* **Task directions**: What is needed is an exact reproduction of the lines in the records below, starting at the line with "2019 Scout 355 LXF" and ending at the line with "Building Photo - 1126 Pinebluff Rd", both included, and nothing else; pictures stay out.

* **Records for this task**:
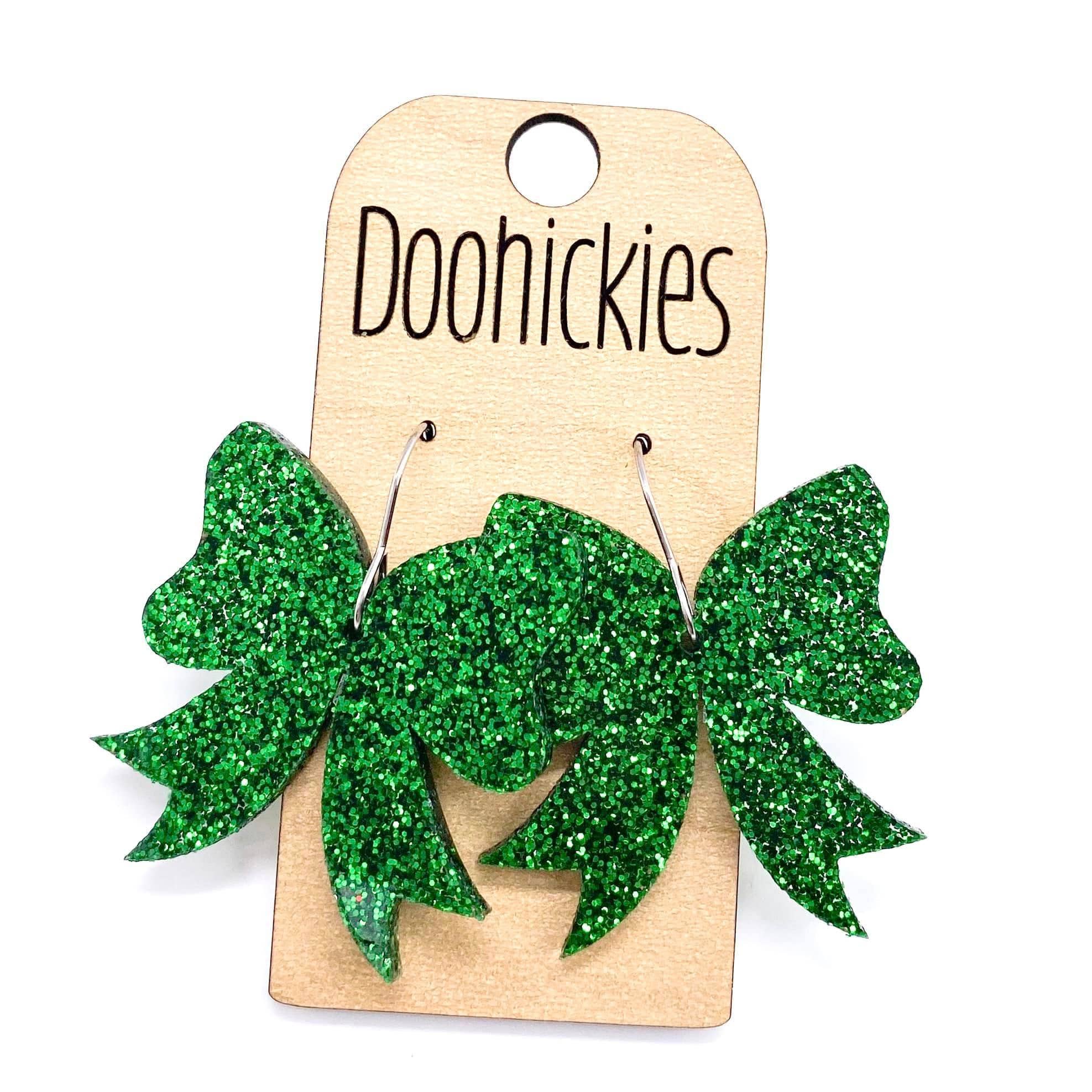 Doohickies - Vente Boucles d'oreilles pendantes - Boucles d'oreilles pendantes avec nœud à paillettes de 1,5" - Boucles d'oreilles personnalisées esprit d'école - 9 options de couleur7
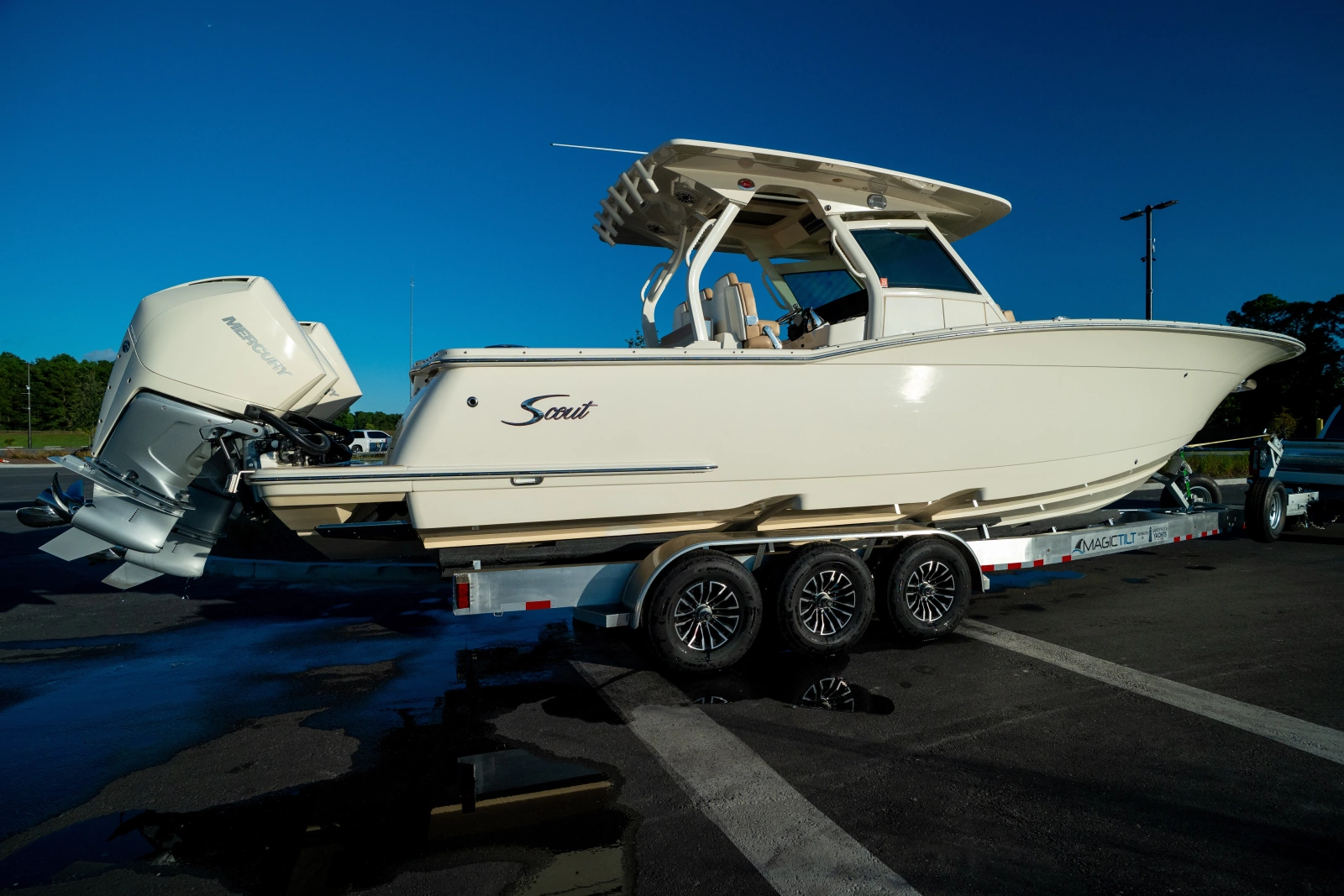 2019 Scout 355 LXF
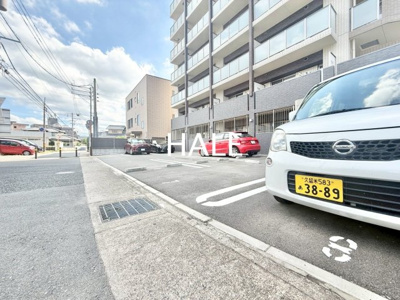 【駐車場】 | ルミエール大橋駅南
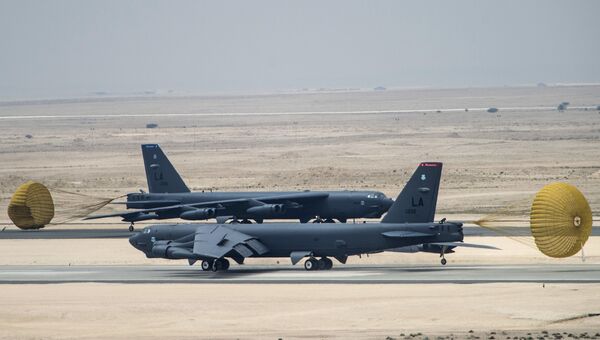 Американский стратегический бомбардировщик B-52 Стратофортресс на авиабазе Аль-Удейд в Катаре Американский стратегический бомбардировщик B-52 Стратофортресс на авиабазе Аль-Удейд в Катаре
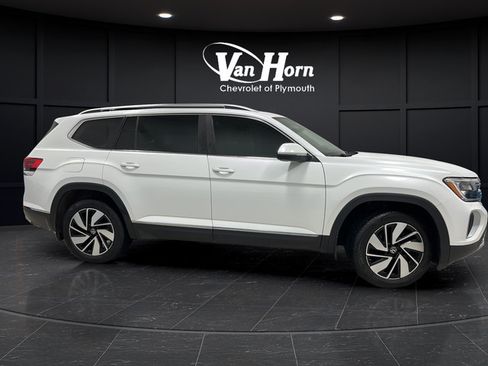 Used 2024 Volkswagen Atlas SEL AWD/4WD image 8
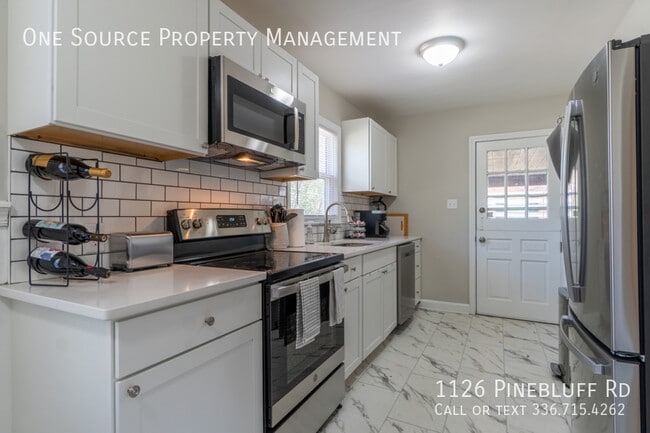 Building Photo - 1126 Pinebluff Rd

* * *

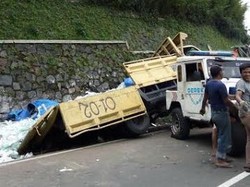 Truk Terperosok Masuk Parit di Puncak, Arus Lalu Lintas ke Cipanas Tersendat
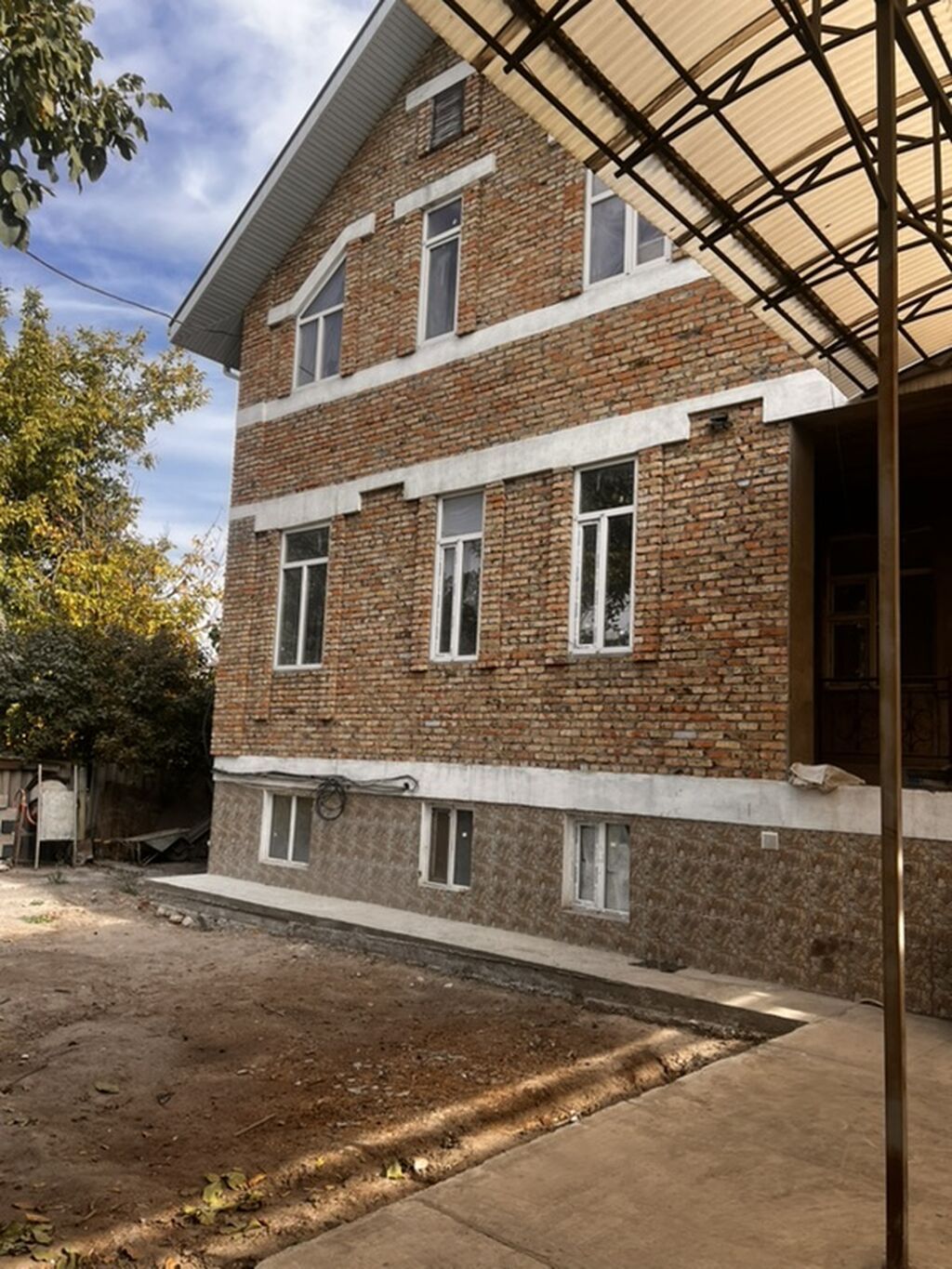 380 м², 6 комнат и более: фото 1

* **Exercise output**:
 2019 Scout 355 LXF
 【駐車場】 | ルミエール大橋駅南
 Американский стратегический бомбардировщик B-52 Стратофортресс на авиабазе Аль-Удейд в Катаре Американский стратегический бомбардировщик B-52 Стратофортресс на авиабазе Аль-Удейд в Катаре
 Used 2024 Volkswagen Atlas SEL AWD/4WD image 8
 Building Photo - 1126 Pinebluff Rd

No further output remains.